Scott Feldman's Orioles career has been hit-and-miss so far. He's produced strong start after strong start, but every once-in-a-while, a brick wall comes out of nowhere. And after tonight, well, he's got to be looking forward to getting out of the AL East and away from the Red Sox, who really just have his number. A complete disaster of a first inning saw Jacoby ELlsbury ground out, and then four straight batters smack hard hits all over the park against him. Dustin Pedroia shot a single to left, David Ortiz hit a line-hugging drive to right, Mike Napoli put up a deep double in his first at bat in a week, and then Daniel Nava put a very smooth swing on an inside curveball.
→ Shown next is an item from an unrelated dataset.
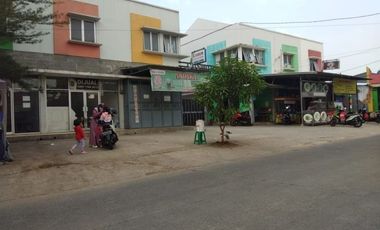 Ruko 2 lantai dibedahan depok lokasi strategis harga 700juta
Nick Markakis watched it leave, and just like that, 4-0.

It got worse. Jonny Gomes walked and Stephen Drew found the right field corner for his eighth triple. 5-0.

The second was better. Much better! Except not really. Three straight hard-hit outs, with Markakis diving to rob Ortiz to end the inning, and Feldman was into the third with a scoreless inning, but no sign of real improvement. Sure enough, after striking out Mike Napoli, Feldman gave up singles to Nava and Gomes, and then a long fly ball to Jarrod Saltalamacchia, which seemed to bounce off the top of the wall in right. It was called a homer at first, changed to a double on review (setting a Red Sox record for catchers with 40 of them on the season), but still scored a run and set Stephen Drew up for a two-run single of his own. 8-0.

Clay Buchholz, meanwhile, had some positives, some negatives. On the negative side of things: a two-run homer from Adam Jones to dead center that cut the lead to 8-2 in the bottom of the third, a solo shot from Chris Davis in the sixth, and some generally diminished velocity. On the positive side: seven innings of three-run ball, and zero walks with four strikeouts where those numbers had been looking questionable in his last two outings.

What more do you need from a Red Sox win? How about David Ortiz going opposite field for homer the thirtieth, driving in Jackie Bradley Jr. and Dustin Pedroia on base via walks. How about Xander Bogaerts pinch-hitting for Drew vs. a left-handed pitcher and getting a ringing single? How about Jonny Gomes making it a three-homer night for the Red Sox in the ninth?

All told, a great way to trim the magic number to one. If the Mariners don't seem to be doing their part tonight, well, that just means the Sox will have to win another.